For most politicians, a morning you had intended to spend in the garden might have reached its low point when you instead went on the radio and said, “Anti-semitism and racism are not the same thing.” But all of a sudden it’s two hours later, you’re surrounded by television cameras on your way down some stairs and an MP from your own party is pointing his finger in your face and screaming, ‘Have you read Mein Kampf? Have you read Mein Kampf?’ leaving you with little alternative but to hide in a disabled toilet as TV reporters shout ‘Do you agree with Hitler?’ through the door.

When you look at it just in broad brush stroke terms, it’s possible Labour’s suspended Naz Shah has not gained a great deal from a public defence she did not ask for from the also now-suspended Ken Livingstone.

On the positive side, Labour has learned a valuable lesson. If, in the future, you find yourself having to defend people against allegations of anti-semitism - and it’s conceivable you might - don’t compare their views to Hitler’s.

Was Ms Shah’s suggestion that the nation of Israel and its 8 million inhabitants be ‘transported’ to the United States mainland anti-semitic, BBC Radio London had wanted to know. “No,” Ken said. “It’s completely over the top but it’s not anti-semitic.” And to prove it wasn’t anti-semitic, it turns out Hitler agrees with him.

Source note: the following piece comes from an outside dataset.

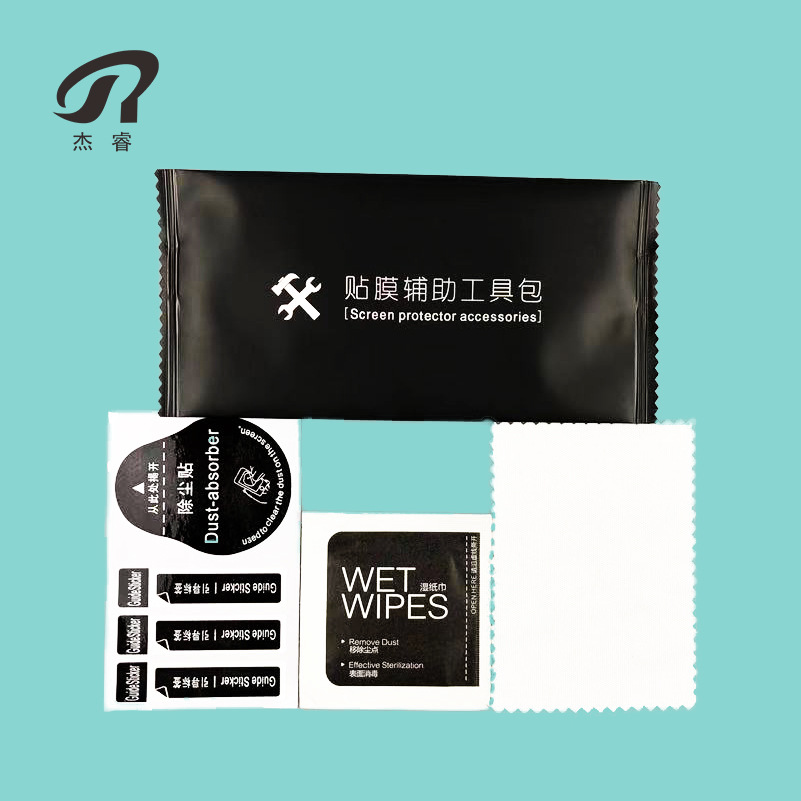 Fabricante spot teléfono móvil pasta de eliminación de polvo templado juego de limpieza de pantalla bolsa de alcohol de desinfección kit de ayuda de película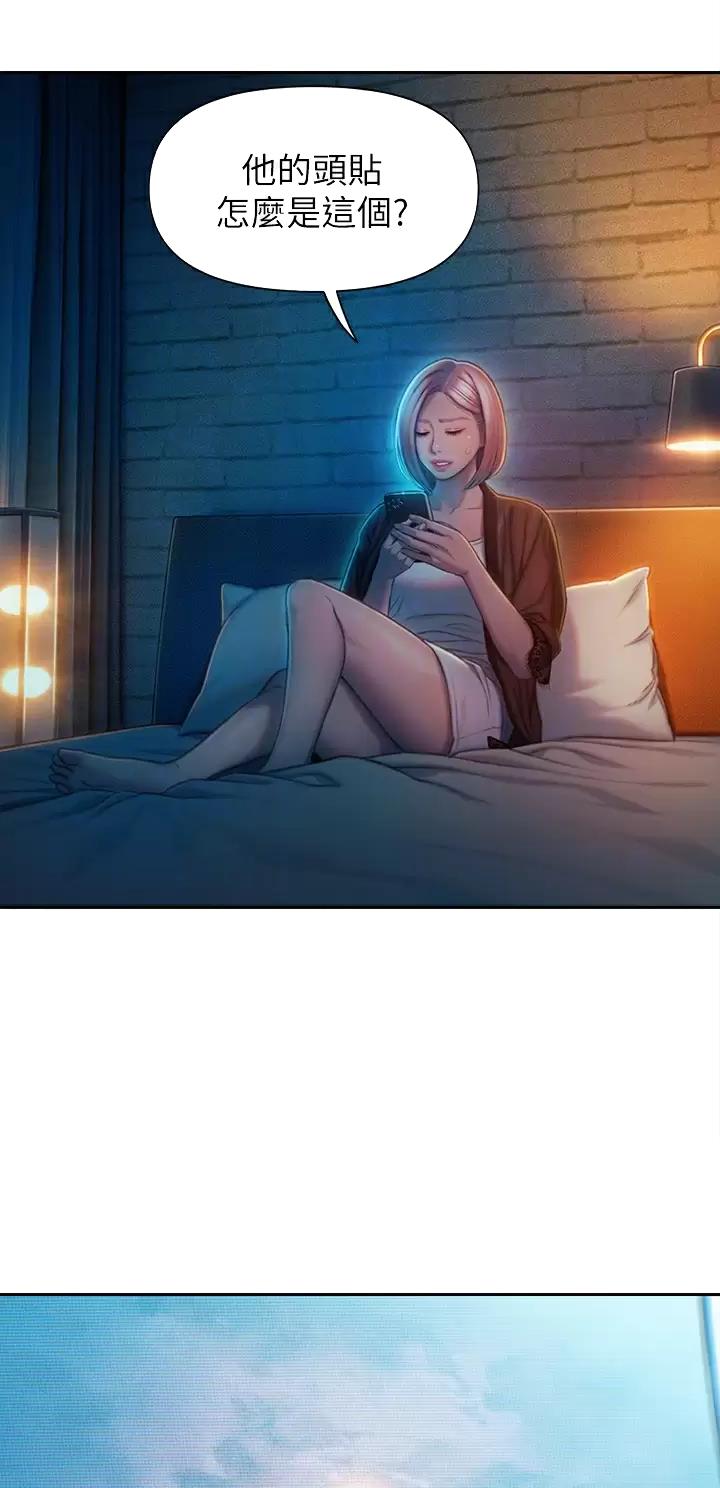 超级大富翁免费漫画,第44话3图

“Let’s remember when Hitler won his election in 1932, his policy then was that Jews should be moved to Israel,” he said. “He was supporting Zionism – this was before he went mad and ended up killing six million Jews.”

‘Job done,’ Ken must have thought. Shah defended. Honour restored. Back to the azaleas. But it turned out even more people wanted to know about this 'Hitler before he went mad’ period. The BBC News Channel, the Daily Politics, Sky News and the World at One on Radio 4 to be exact, and all were duly obliged. Which was why it came to pass that, a week before the Mayoral elections, the only man to have done that job for Labour had a twenty minute on air discussion with Andrew Neil about Hitler's views on Zionism.

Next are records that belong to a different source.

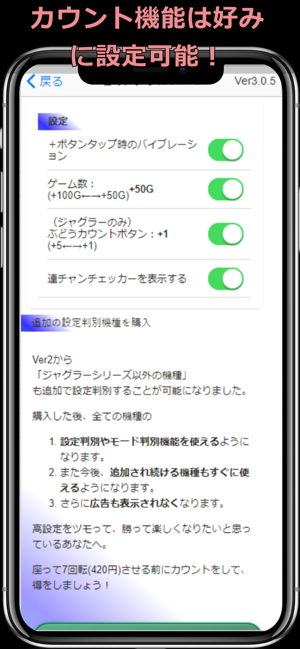 ファンキー ジャグラー ぶどう 逆算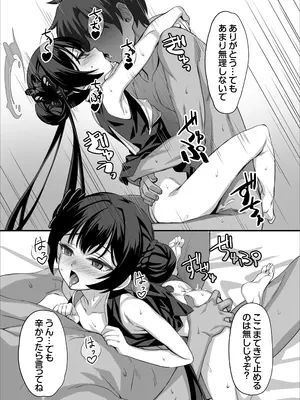 [alicemiller (松竜)] ああっ門主さまっっ (ブルーアーカイブ) [DL版]_20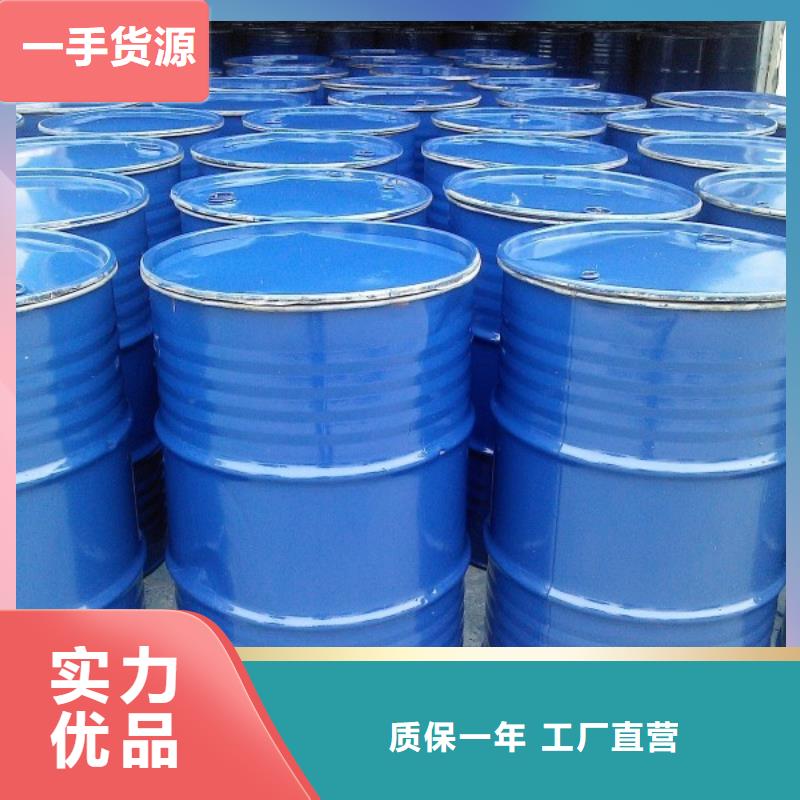 中央空调清洗剂锅炉复合防腐除垢剂专业生产厂家优质货源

“It’s a historical fact,” he told him. “I was asked a question. I answered it.” It was a historical fact that was repeated on air at least a hundred times, for reasons that no one has yet been able to explain. Of course, it would be unfair not to extend to Ken Livingstone the same generosity he is preternaturally inclined to extend to the leader of the Third Reich, and it may simply be that he had by this point come to the end of his own pre-mad phase.

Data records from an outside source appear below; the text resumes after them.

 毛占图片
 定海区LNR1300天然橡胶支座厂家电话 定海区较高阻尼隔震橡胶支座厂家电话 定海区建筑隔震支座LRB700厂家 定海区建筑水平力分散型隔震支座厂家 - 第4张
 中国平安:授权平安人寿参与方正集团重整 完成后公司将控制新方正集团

Labour’s John Mann had already accosted him on the stairs, the footage broadcast. And not half an hour later, he would be hiding in the toilets. At this point, the timings become unclear, but he may indeed have still been hiding in them as news of his suspension from the Labour Party became public.

At some point very soon, Jeremy Corbyn will inevitably come out and say the Labour Party ‘doesn’t have a problem with anti-semitism.’ If he wants anyone to believe him, he might wish to have the keys to a disabled toilet in his hand, and then throw them away.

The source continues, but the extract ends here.